Review: Soundgarden releases first full-length album in 16 years

Anne Buie

Editor’s Note: The following reflects the opinions of the author.

Soundgarden has seen better days.

The Seattle-based grunge band helped forge a lane in popular music for a more aggressive sound, and a more aggressive lifestyle, with the grunge era of the mid 1990s.

With Soundgarden’s 16-year hiatus leaving fans and spectators alike foaming at the mouth for another studio album, 2012’s “King Animal” was easily one of the most anticipated albums of the year in any genre.

The album is not bad by any stretch of the imagination, but when compared to any other work Soundgarden has released in their lengthy career, and the sad attempt it makes at grunge revival, “King Animal” is by far the biggest letdown in their discography.

The troupe of 40-somethings still has the same polished rebellion they had on earlier tracks, and tracks such as “Non-State Actor” show why they were once more important than Nirvana.

The track also shows the often overlooked and unrecognized technical skill of drummer Matt Cameron.

Cameron has always been overshadowed by the almost impossibly beautiful primal scream of lead singer Chris Cornell, and it is really quite a shame, because Cameron should be listed with the likes of Neil Peart, John Bonham and other greats in terms of ability and influence.

The unrelenting hurricane that is “Blood On The Valley Floor” is a nice introduction to new listeners of Soundgarden, but they will have to do a great deal of backpedaling to understand what they have to offer in their back catalogue.

Songs like “Taree” and “Bones and Birds” are virtually of a new vein of style for Soundgarden, almost as if they are attempting to be a Soundgarden cover band that plays 1990s rock ballad versions of Soundgarden songs.

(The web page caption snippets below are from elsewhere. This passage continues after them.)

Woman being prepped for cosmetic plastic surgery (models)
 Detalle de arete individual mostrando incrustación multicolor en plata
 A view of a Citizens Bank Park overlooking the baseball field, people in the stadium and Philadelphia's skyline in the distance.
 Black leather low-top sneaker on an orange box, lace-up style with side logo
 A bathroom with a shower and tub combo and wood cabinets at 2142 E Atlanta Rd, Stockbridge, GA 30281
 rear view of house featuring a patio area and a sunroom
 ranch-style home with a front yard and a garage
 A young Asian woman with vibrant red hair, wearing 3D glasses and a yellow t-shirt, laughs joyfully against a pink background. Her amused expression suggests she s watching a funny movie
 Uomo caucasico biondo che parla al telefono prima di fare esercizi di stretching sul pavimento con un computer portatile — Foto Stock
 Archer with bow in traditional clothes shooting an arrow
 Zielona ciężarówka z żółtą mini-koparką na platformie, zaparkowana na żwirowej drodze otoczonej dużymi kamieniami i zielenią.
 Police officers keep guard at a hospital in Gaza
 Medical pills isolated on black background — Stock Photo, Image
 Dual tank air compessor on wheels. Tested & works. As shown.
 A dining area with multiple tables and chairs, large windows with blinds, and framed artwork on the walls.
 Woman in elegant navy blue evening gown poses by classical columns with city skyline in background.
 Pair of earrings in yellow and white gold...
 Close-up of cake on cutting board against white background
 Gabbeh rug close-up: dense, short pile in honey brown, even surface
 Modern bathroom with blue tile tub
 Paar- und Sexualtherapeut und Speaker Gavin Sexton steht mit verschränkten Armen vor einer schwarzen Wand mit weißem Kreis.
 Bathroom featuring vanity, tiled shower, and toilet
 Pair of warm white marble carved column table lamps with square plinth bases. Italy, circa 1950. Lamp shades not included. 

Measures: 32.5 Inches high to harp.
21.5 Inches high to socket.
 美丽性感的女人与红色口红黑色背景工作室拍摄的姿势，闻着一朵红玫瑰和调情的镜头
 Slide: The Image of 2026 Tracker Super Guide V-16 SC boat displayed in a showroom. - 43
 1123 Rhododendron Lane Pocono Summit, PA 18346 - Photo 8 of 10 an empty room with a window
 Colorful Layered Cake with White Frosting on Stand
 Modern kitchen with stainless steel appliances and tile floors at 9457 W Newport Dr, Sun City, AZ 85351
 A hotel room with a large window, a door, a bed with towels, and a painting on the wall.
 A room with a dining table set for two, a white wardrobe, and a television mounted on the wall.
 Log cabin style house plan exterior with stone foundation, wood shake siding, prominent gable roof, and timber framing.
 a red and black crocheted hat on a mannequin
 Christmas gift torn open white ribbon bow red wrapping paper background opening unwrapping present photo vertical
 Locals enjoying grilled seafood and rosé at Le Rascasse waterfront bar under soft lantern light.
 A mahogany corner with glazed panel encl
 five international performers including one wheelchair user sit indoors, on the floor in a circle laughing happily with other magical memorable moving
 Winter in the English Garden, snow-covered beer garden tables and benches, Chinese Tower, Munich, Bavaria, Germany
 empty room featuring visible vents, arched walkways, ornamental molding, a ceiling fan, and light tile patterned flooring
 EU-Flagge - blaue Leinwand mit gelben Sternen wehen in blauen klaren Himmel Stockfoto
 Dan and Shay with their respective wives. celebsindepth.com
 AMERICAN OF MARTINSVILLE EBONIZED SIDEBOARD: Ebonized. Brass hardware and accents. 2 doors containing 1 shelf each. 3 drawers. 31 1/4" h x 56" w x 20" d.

As with a great deal of Cornell’s lyrics, they tend to attempt a sense of depth that is seemingly lost in translation.

Just trying to find an explanation for the lyrics on “Been Away Too Long” – “I am still hiding/Everyone inside/Tank girls and fly guns and silver boots on my way home,” – would be an afternoon’s worth of research yielding no results.

On the same track, however, Cornell pens a fitting chorus, presumably about the band’s hiatus. “No, I never really wanted to stay/I’ve been away for too long,” Cornell sings, making it the perfect opener for a comeback album.

“King Animal” is still generally the same Soundgarden that fans have come to expect. The only bad thing about this album is its purpose, namely the fact that there doesn’t appear to be one, which leaves “King Animal” a soulless attempt at a comeback album.